Numbers are contracted in Grade 3 Braille. All 63 possible braille characters are employed to stand for a number, so any number up to 63 can be written in one cell. The normal number sign, # dots 3456, is used followed by the braille symbol standing for that number. The progression of braille symbols follows thusly:
a b c d e f g h i j
11-20 Add dot 3
k l m n o p q r s t
21-30 Add dots 36
u v x y z & = ( ! )
31-40 Add dot 6
* < % ? : $ ] \ [ w
41-50 Use the Lower Half of the Cell
1 2 3 4 5 6 7 8 9 0
/ + # > ' - @ ^ _ "
. ; ,
NOTE: Numbers higher than 54 and J, standing for 10, become difficult to recognize and should not be used unless they are absolutely clear, like in a numbered list or in page numbering. Clarity is the most important point here.

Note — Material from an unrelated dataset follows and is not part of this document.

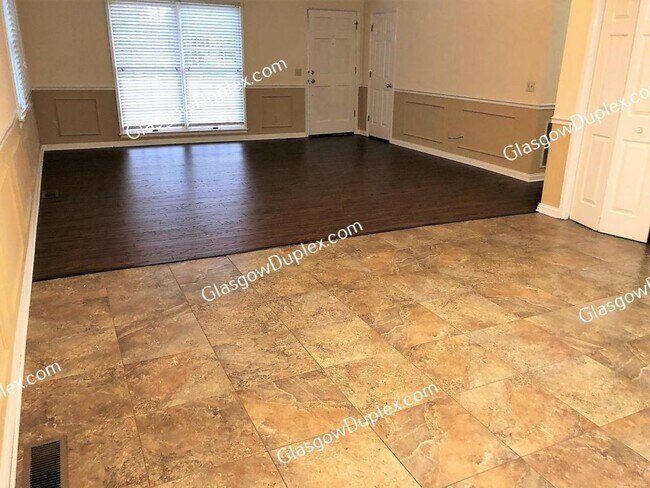 Foto del edificio - 100 Sandwood Dr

Groupings of numbers should be made in an easily readable manner. For example, the number 125 should be: #1Z and not #LE.
The comma can be left out of long numbers to save space and reduce confusion with the number 41.
Look on page 52. lk o p7 #+4
For space-saving reasons, dates can be written as numbers rather than words. Separated punctuation is removed. The century can be removed if the meaning remains clear from the context.
May 26, 2014 #e&n
September 13th, 1966 #lmsff
Times are brailled in Grade 3 without separating colons. Double zeros are omitted.
12:35 p.m. #l: p'm'
7:30 a.m. #g) a'm'
8:00 sharp #h %>p
Fractions with a 1 or 3 as the numerator can be brailled in one cell by using dot 1 and 4 and adding the denominator to the bottom portion of the cell. For clarity, the denominator is placed as far from the numerator as possible. A single -, dots 36, is inserted after the number sign to indicate that a fraction is present. Fractions with other numerators are written with the numerator in the top part of the cell, followed immediately by the denominator in the bottom portion. Mixed numbers are separated from the fractional parts with a - 36.